歩ける圏内で映画を観て友人に会えるとは何たる幸せであろうか!今日は私の地元の映画館でお友達と「モンスター」を観た。(以下、ねたばれ有り枡)
全米初の女性死刑囚を描き、アカデミー賞最優秀主演女優賞を獲得したことでも話題になった作品。ボディソープのCMで艶然とほほえむ美人女優の面影はあとかたもなく、主人公の連続殺人犯になりきる自己改造をほどこしたシャーリーズ・セロンがともかくすごい。13キロ増やしたという体型は(日頃は気配りを怠らないであろう)女優のそれではなく、いくぶんはメークもあるのだろうが、肌から髪の質までも娼婦としてぎりぎりの生き方を強いられてきた女性そのものだった。

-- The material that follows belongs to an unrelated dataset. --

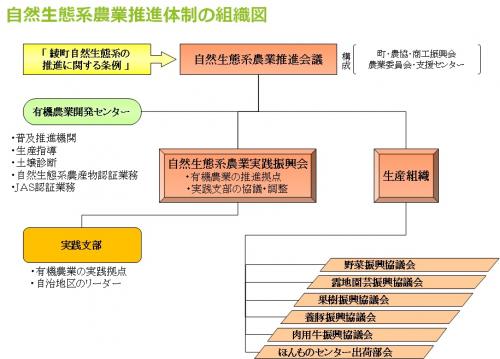 組織図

道路脇で客をとりながらわずかな金を得ていたアイリーン(“リー”)は、乱暴にレイプしてきた客を撃ち殺し、その後も客を拾っては殺めてゆく。彼女が罪を重ねたのはなぜだろうか。バーで出会った娘セルビー(クリスティーナ・リッチ)を愛するようになり、彼女との逃避行を続けるため一度はかたぎになろうとするのだがうまくいかず、リーは不本意ながら危険な商売を続けることになる。リーの立場からすれば、社会は彼女のために多くの選択肢を用意しておらず、売春も殺人も「こうするしかなかった」のだろう。生きるために選ぶことができる道が他になかったから。不幸な生い立ちを経て、夢破れたあげくの彼女の犯罪はすべて社会や環境のせいにはできないだろうが、彼女が殺人を犯すようになるまでに、視野を広げられるような出会いを得られなかったのはとりわけ不運なことだっただろうと思う。

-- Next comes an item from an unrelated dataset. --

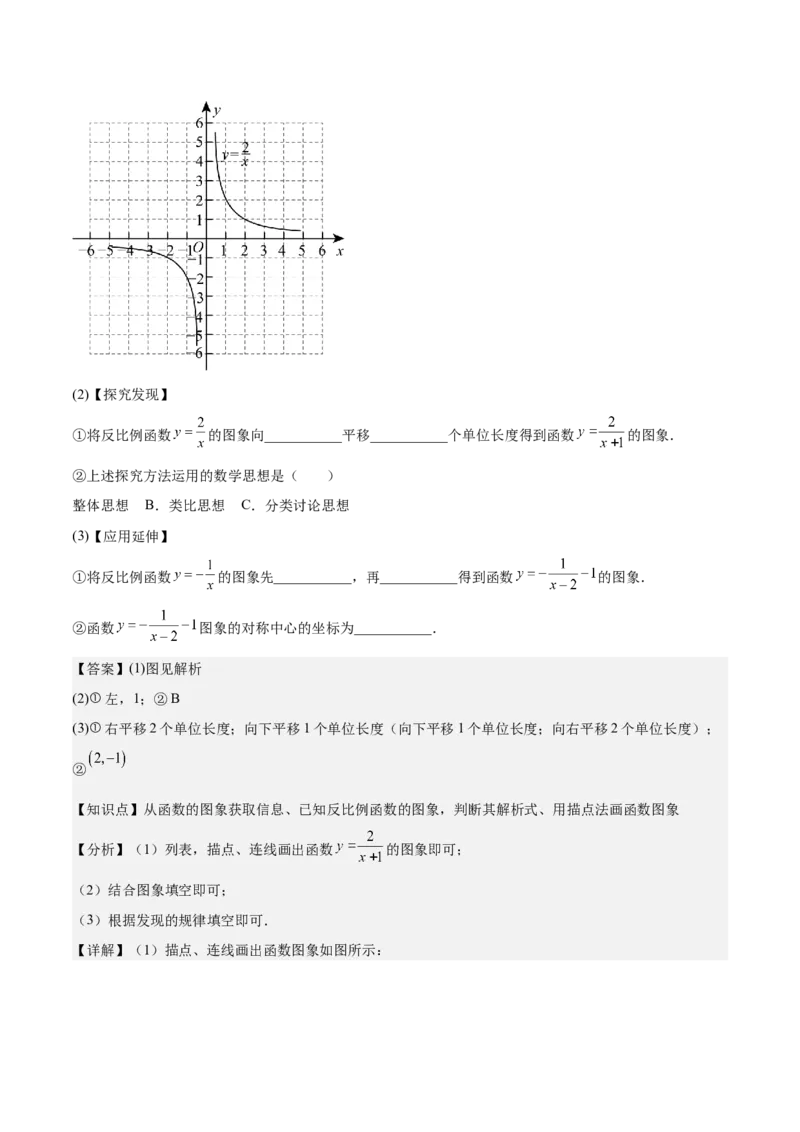 专题05反比例函数（5大模块知识梳理+5大考点+3大易错点）解析版_2数学总复习_2025中考复习资料_2025年中考数学一轮知识梳理_专题05+反比例函数（5大模块知识梳理+5大考点+3大易错点）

それでも、粗暴なところのあるリーが、最後まで面倒を見るほど尽くしたセルビーと出会えたのは彼女の心にとって恵みだったのかもしれない。でも(言ってもしょうがないけど)セルビーがもっと精神的に大人であれば不幸な結末は避けられたのでは、とも思う。
この作品は女性監督(パティ・ジェンキンス)によるものだが、良くも悪くも「中立」の立場をとっているように感じた。「社会を震撼させた」重い題材のはずなのだが、胃にもたれることもなく割と「すとん」と観てしまった。「こういう女性がいました、まる」で終わりにしているというか。別に仰々しく語る必要はないんですけど。もうちょっとあしらい方があるような気もする。
劇中に使われた80年代のREOスピードワゴンやジャーニーの大味でAM(ラジオ)な感じが舞台となるアメリカの地方都市(どこだろう?)の雰囲気と微妙によく合っていた。セロン姐さんばかり話題になるけれど、クリスティーナ・リッチも頑張っていたと思う。童顔なのにお身体が大人のところが似ている気がして私はよくソーラ・バーチ(「ゴーストワールド」)とごっちゃになってしまう。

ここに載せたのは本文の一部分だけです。